The Huancavelica Branch

This past weekend, we attended the Huancavelica Branch Conference where Scott met with the branch and district presidencies, spoke in sacrament meeting, and gave a 75-minute training session to leaders and other members. It was a special time to be with the many friends that we have made during our four previous trips to Huancavelica.

Here are some of the wonderful members who attended the conference.

The Medina family with Beverly and Scott (the two little children in front are not part of the family; they just wanted to get into the picture):


Beverly with some of the Primary children:


... and with some of the Young Women and other children:


Scott with the full-time missionaries (Elders Paredes and Huamán) and some young boys:


The wife of the branch president (President Huamaní) and their baby:


Beverly with three generations of the Ramírez family (daughter, granddaughter, and wife of the district president):


President Ramírez, the district president, as he leaves the conference to go home:


And a young man who is sending in his missionary papers:


These Huancavelican members hold a special place in our hearts.

Wednesday, August 12, 2009

More Missionaries and Members

On Monday (P-Day), we invited the young missionaries to our home for lunch (pizza). We recently found ready-made pizza crust, mozarella cheese, and mushrooms in a nearby store, and we found English ham and black olives in Huacayo (2 hours away):


Scott also made garlic bread with rolls from our nearby bakery, garlic salt, Parmesan cheese, and parsley flakes:


The missionaries--even the three Latinos--loved the food. Elder Winn (on the left) especially liked eating "American" food; Elder Chochobot (on the right) from Tacna, Peru, also devoured the pizza and garlic bread:


Our two Guatemalan missionaries, Elders Castro and Per, ate their share:


On Tuesday, Scott took a "colectivo" (a taxi with a set route), traveled an hour and 15 minutes to the town of San Pedro de Cajas (a town with no bank, no 'landline' telephones, and no Internet service---but with a nice LDS chapel) to give temple recommend interviews. Four members came: the branch president and these three wonderful women. They were so loving and appreciative. Two of them requested a blessing from Scott, which he was happy to give:


We love the missionaries and members in the Tarma district.

Saturday, August 8, 2009

Hike to Yanamarca

The priesthood leaders of the Vista Alegre branch of the Tarma District invited Scott to go on a hike with them to the ruins of Yanamarca and, while at this "Lamanite" location, give a talk on the promises to and blessings of the Lamanites.

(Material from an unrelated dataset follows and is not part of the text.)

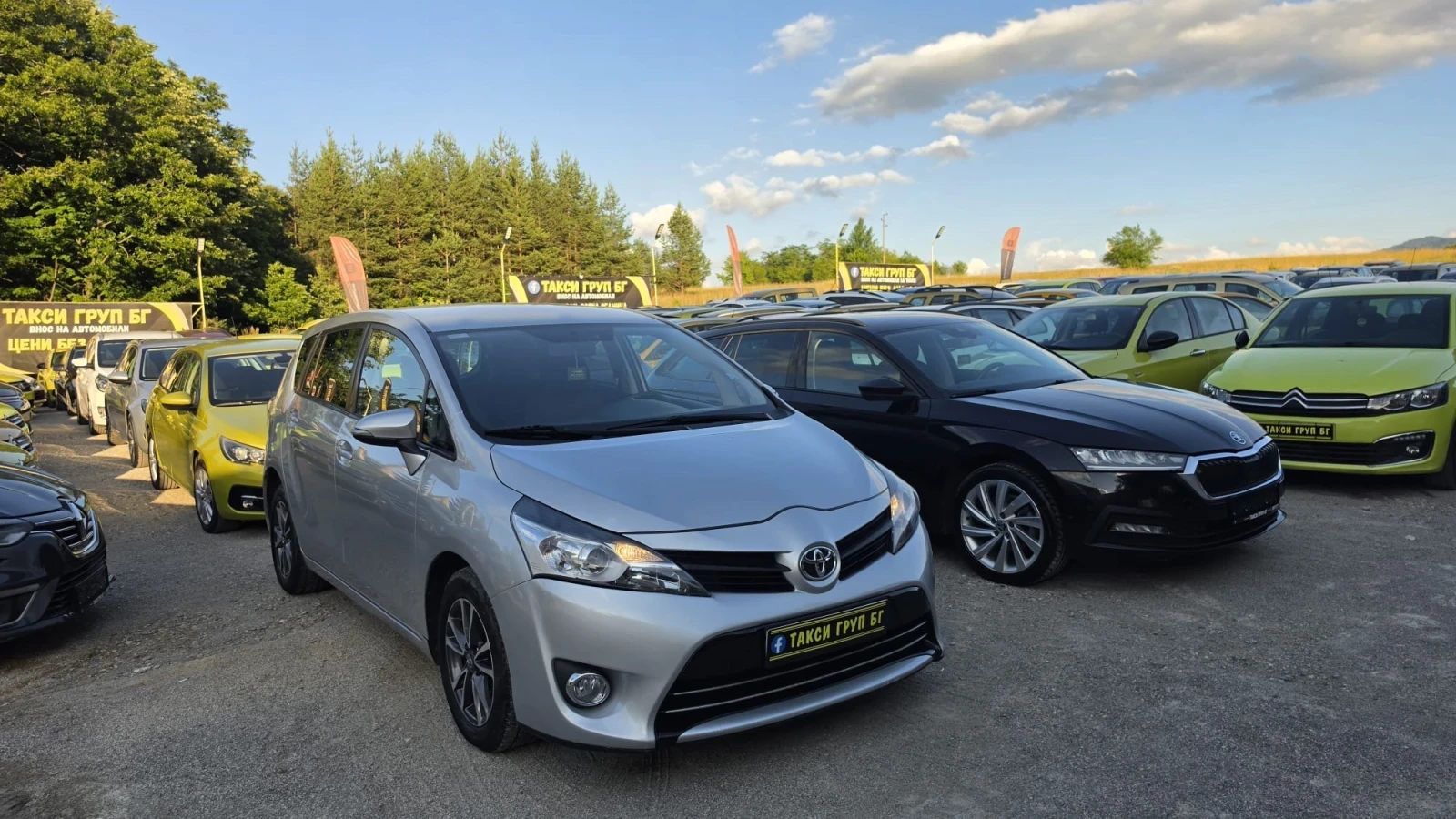 Toyota Verso, снимка 2 - Автомобили и джипове - 54962884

The hike began at an altitude of 9550 feet above sea level in the small pueblo of Tupín, a 10-minute taxi ride from Tarma. The group included (front left to right) Jaime Calderón (1st counselor in the district presidency), Miguel Espinoza (district counselor), (back left to right) Jesús Zabala (district counselor), and Carlos Florián (who attends Scott's Institute classes):


On the way, they met a woman with her burro:


... a boy with his lamb:


... a man threshing his barley by hand:


... and a couple separating beans from chaff:


They saw lots of cattle, sheep and burros, even at altitudes above 12,000 feet:


They passed three ancient wells, which were fed by a spring coming out of the mountain (Jaime Calderón is in the background):


The Peruvian mountains are full of prickly plants:


... and beautiful prickly flowers:


At 13,500 feet above sea level, after hiking over four hours with a vertical elevation change of 3550 feet, they arrived at the top of the mountain Pumampi where the pre-Inca ruins of Yanamarca (Quecha for "black town") are located. The ancient town contains the ruins of two dozen homes and another two dozen buildings that appear to be harvest storage units:


Here's the back of one of the two-story houses:


The doors to the houses barely fit Scott's body:


Some of the houses have only one or two walls left:


This was the most attractive, well built home in the complex:


Here Scott poses (with Miguel Espinoza) in front of one of the homes. Many of them have a stone roof, and over the years dirt has blown onto the roof, and now grass is growing there:


The village is located on the very edge of a 3,500-foot cliff:


Down in the valley, below the cliff, is the agricultural valley of Palcamayo. They hiked down from Yanamarca to the road you see 3500 feet below:


You can see how close this structure was built to the cliff:


This building appears to be a storage unit for the harvest:


This wall was once part of a three-home complex (the residents must have been small people, because Scott's head reaches the second floor):


Scott and his friends hiked up the not-so-steep south side of Pumampi, but they hiked down the dizzying cliff side:


While in Yanamarca, the group held a devotional and Scott was the "featured speaker." He quoted scriptural promises of the descendents of the Lamanites and said, "These prophecies are being fulfilled even as we speak, here in Tarma." He pointed out that (a) we all have unfaithful, as well as faithful, ancestors; (b) the Lamanites were more righteous than the Nephites when the Savior came to the Americas; and (c) some day we might be able to read the complete record of the Lamanites, from their point of view. The descendents of the Lamanites should cherish their heritage, as part of the House of Israel and as the covenant people of the Lord.